Saturday, April 14, 2012

If I were a novelist.. oh, I am. Now what?

"Dear Sir or Madam, will you read my book?
It took me years to write, will you take a look?" 
- The Beatles, Paperback Writer

My mom jumped up at karaoke and started singing Paperback Writer. She did this because she loves me, you know - she barely knows the words, and me, I laughed. Every once in a while I think that we are all human beings, with similar needs, wants, and desires to be fulfilled. Then it occurs to me moments later that people are somewhat different. There are types of people. In writing, types of people are further simplified for ease of use. These are character archetypes.
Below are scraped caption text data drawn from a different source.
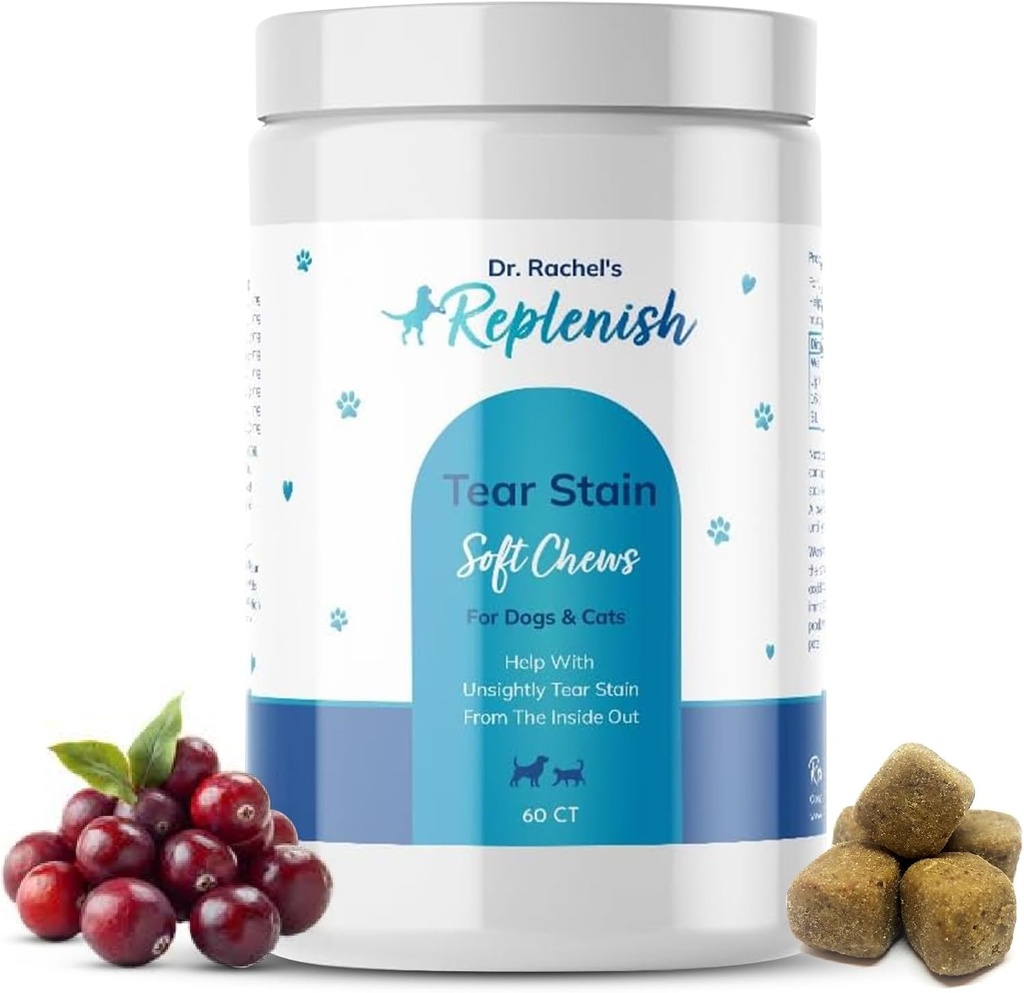 Replenish Stear Stain Chews pre psov a mačky - Dr. Rachel je Stear Stain Remover pre psov - Psie očné Stear Stain Remover - Stear Stain Supplement pre psov - Prírodné Stear Stain Soft Chews - 60 Gróf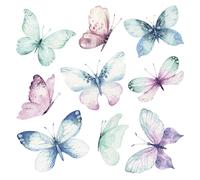 Adesivi murali Watercolour farfalle 31x31 cm 2 fogli Multicolore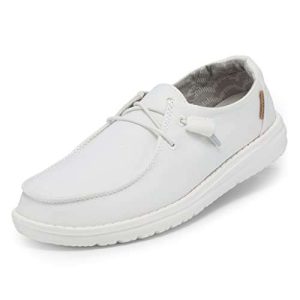 Hey Dude Women's Wendy Chambray White Size 7 | Women’s Shoes | Women’s Lace Up Loafers | Comfortable & Light-Weight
As a writer,I've come to understand character archetypes because I've had to. Once I really come to understand who my character is and what motivates him or her, I am easily able to predict that character's probable actions based on who he or she is. Before I learned to understand character archetypes and story arch down at Film School - yes, you heard me right, film school - I was award the S.T.A.N.D. First Time Director's Award by the now defunct Film Arts Foundation (San Francisco) in 2001 - it was easy to map out where these characters might naturally go.

Before that, my stories never had any ending. They just rambled on and on.
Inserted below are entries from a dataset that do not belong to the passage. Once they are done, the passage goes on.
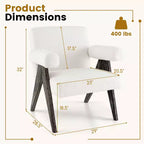 Costway 1/2 PCS Upholstered Armchair Modern Accent Chair with Natural Rubber Wood Legs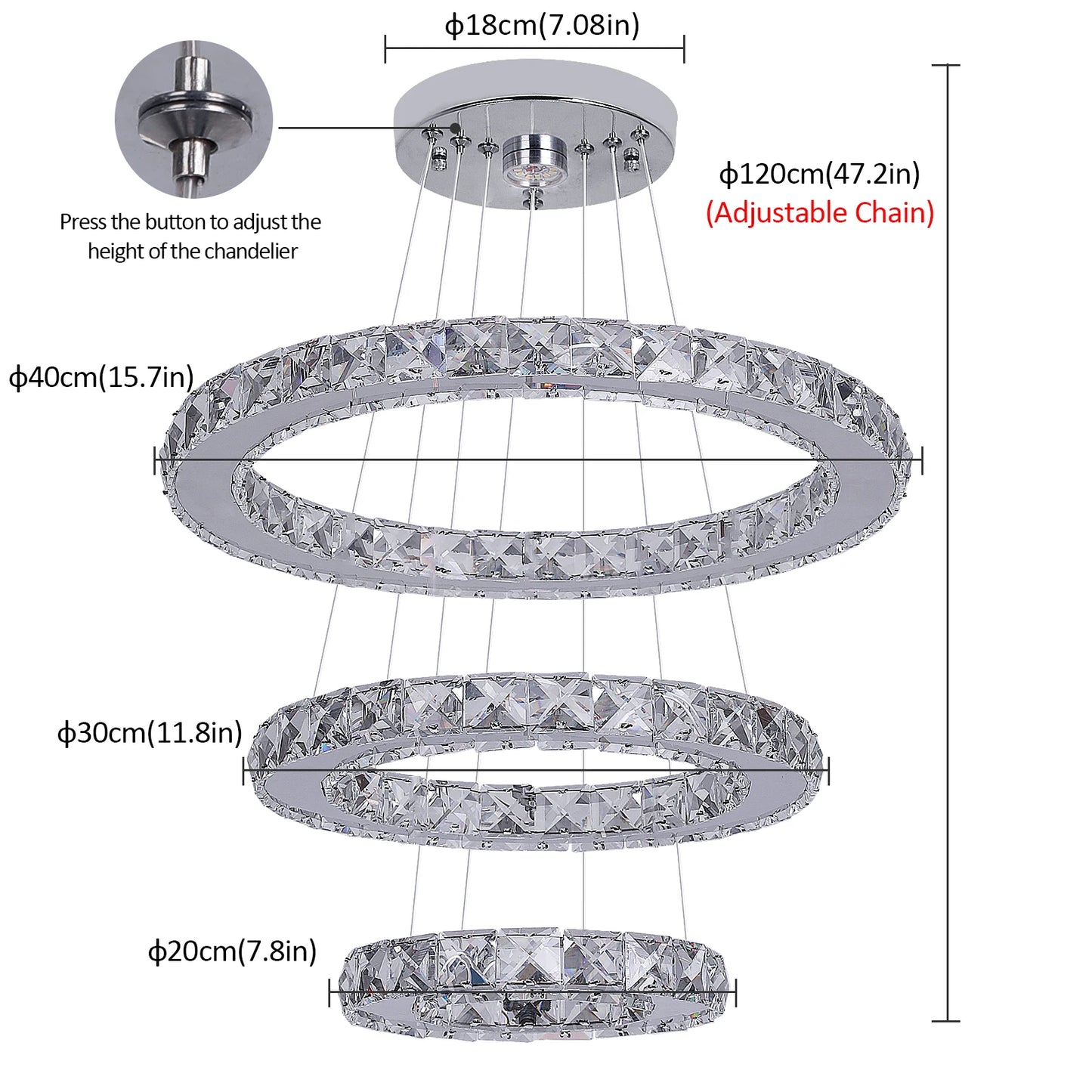 VETRULUS Modern K9 Crystal Pendant Light Led Chandelier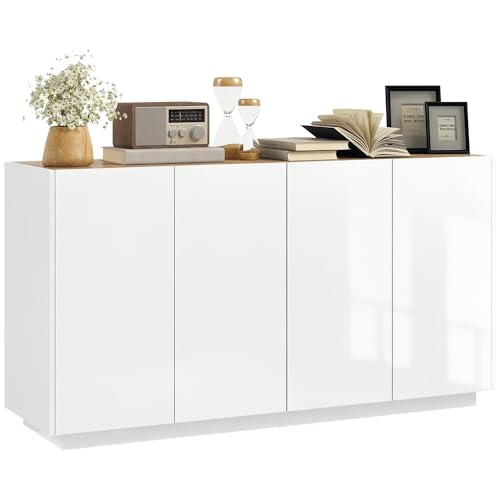 Buffet de Cuisine Blanc Laqué 140 cm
Motivation isn't easy to think about. Me, I want parental approval. I also learned Character mixing at Film Arts Foundation, so I learned how to not allow a character to be recognized as based upon a single person - but if there was a character, just like me, she might be doing the same thing I am doing now - which is aimlessly circling the bones of Self Promotion over the vast desert of Self Publishing like a vulture - a cartoon vulture, voiced by Woody Allen, who keeps acting finicky about diving down there and picking the rotted meat off those bones until they are bare bones, all shiny and glinting in the sun.

But I have to. I have to self-promote, and do it well, no matter how distasteful it seems to me. Rather than resting on my laurels, I could become like the fictional self-promoter in the Beatles song.


Or alternatively, I could not. I could sink back into my comfort zone of planned mediocrity. My parents approve - sort of, I mean 100 people or so have read "Solitude", and that's possibly triple digits, and they give it rave reviews. My parents read it, and they liked it. My fiance approves and he's run up and down the street selling the book to neighbors.

That's good enough, right?

Truly, I'm not sure. I could post a poll and ask you all.